= Beginning of Section =
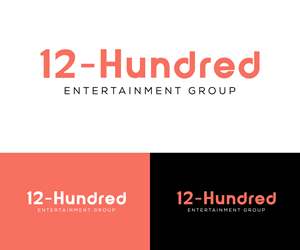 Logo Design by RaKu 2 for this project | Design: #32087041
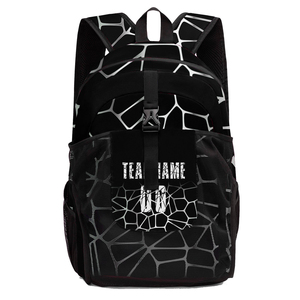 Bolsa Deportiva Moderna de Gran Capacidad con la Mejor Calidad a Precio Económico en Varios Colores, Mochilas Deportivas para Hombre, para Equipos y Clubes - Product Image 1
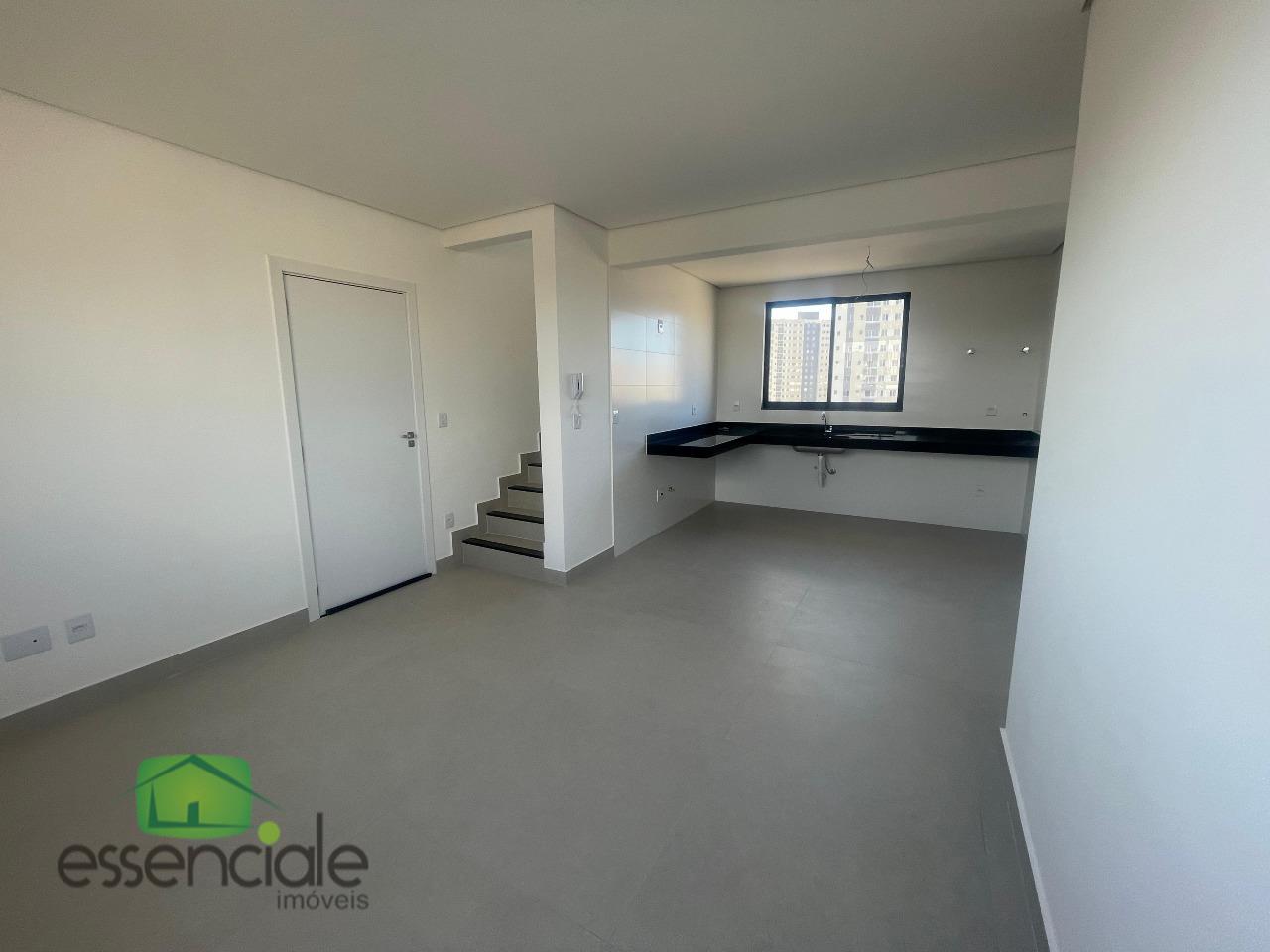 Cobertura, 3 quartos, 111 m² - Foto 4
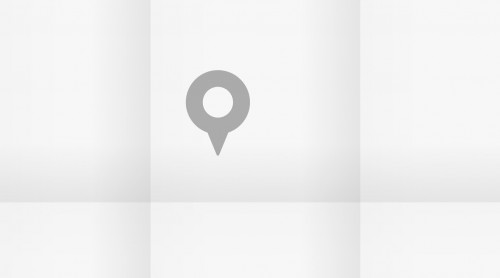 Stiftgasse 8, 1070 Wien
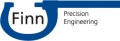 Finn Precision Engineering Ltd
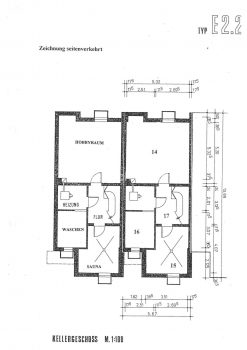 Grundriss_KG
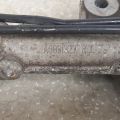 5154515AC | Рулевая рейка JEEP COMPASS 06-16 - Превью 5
= End of Section =
EXERCISE PROMPT
Beginning with the line that contains "Finn Precision Engineering Ltd" and ending with the final line of the entries, every line must be copied exactly; the pictures must not.

SOLVED PROBLEM
 Finn Precision Engineering Ltd
 Grundriss_KG
 5154515AC | Рулевая рейка JEEP COMPASS 06-16 - Превью 5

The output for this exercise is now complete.